The vertices of the subgraphs \<open>H\<^sub>e\<close> are represented with a triple \<open>(e,w,i)\<close> where \<open>w\<close> is a vertex of 
the edge \<open>e\<close> and \<open>i \<in> {1..6}\<close> is an index. Figure~\ref{fig:He-formalization} shows the 
formalization of a subgraph \<open>H\<^sub>e\<close>. The vertices of the subgraph \<open>H\<^sub>e\<close> have to be named such that the 
subgraph is symmetric, i.e. \<open>H\<^sub>{\<^sub>u\<^sub>,\<^sub>v\<^sub>}=H\<^sub>{\<^sub>v\<^sub>,\<^sub>u\<^sub>}\<close> because \<open>{u,v}\<close> is an undirected edge. 

\begin{figure}
  \centering
  \begin{tikzpicture}
    \pic[scale=2.5] (uv) at (0,0) {He-labeled={e}{u}{v}};
  \end{tikzpicture}
  \caption{Formalization of the subgraph \<open>H\<^sub>e\<close> for an edge \<open>e:={u,v}\<close>.}\label{fig:He-formalization}
\end{figure}

The function \<open>f\<close> uses the auxiliary function @{const[names_short] complete_graph} which constructs 
the complete graph for a given set of vertices.
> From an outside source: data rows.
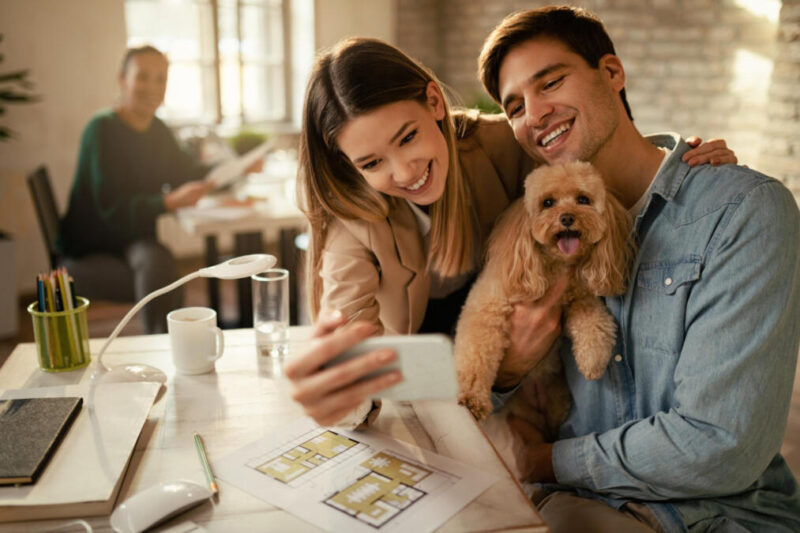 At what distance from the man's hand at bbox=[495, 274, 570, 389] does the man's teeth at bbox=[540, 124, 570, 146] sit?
11.8 inches

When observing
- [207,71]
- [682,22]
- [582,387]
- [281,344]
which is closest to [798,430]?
[582,387]

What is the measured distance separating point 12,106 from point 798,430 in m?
4.99

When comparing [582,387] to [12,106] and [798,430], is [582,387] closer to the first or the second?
[798,430]

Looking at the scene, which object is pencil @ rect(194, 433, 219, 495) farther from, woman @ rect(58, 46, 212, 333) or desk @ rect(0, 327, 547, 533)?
woman @ rect(58, 46, 212, 333)

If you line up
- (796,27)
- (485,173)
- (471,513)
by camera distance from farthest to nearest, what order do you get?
(796,27)
(485,173)
(471,513)

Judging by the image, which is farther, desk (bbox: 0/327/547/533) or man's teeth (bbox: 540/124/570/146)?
man's teeth (bbox: 540/124/570/146)

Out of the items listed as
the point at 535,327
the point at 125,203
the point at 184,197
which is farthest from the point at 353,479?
the point at 125,203

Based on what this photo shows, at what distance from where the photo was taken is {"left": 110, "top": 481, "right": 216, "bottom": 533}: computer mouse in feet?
2.99

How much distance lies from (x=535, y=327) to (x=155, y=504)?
2.89 feet

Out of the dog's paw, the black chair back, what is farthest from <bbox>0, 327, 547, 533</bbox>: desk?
the black chair back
The function @{const[names_short] vertices_of_H} 
computes all the vertices of the graph \<open>H\<close>.

@{thm[display,names_short] f.simps}

The edge weights are formalized by the function \<open>c\<close>, which maps two vertices to an integer. 
The definition of the function \<open>c\<close> uses a couple of auxiliary functions to distinguish different cases. 
To simplify things, the case for two vertices that are neighbors in subgraph \<open>H\<^sub>e\<close> (weight 1) is handled separately. 
The function @{const is_edge_in_He} checks if there is a subgraph \<open>H\<^sub>e\<close> in \<open>H\<close> where the two 
given vertices are connected by an edge. The function \<open>fold_g1_uedges2\<close> folds the edges of graph \<open>G\<close>. 
The expression @{term "isin2 (\<N>\<^sub>2 (H\<^sub>e e) x) y"} checks if the vertex \<open>y\<close> is in the neighborhood of 
the vertex \<open>x\<close> in the subgraph \<open>H\<^sub>e\<close>.

@{thm[display] is_edge_in_He.simps}

The function @{const are_vertices_in_He} checks if there is a subgraph \<open>H\<^sub>e\<close> in \<open>H\<close> that contains 
both given vertices. The expression @{term "isin2 (V\<^sub>H\<^sub>e e) x \<and> isin2 (V\<^sub>H\<^sub>e e) y"} 
checks if \<open>x\<close> and \<open>y\<close> are vertices in the subgraph \<open>H\<^sub>e\<close>.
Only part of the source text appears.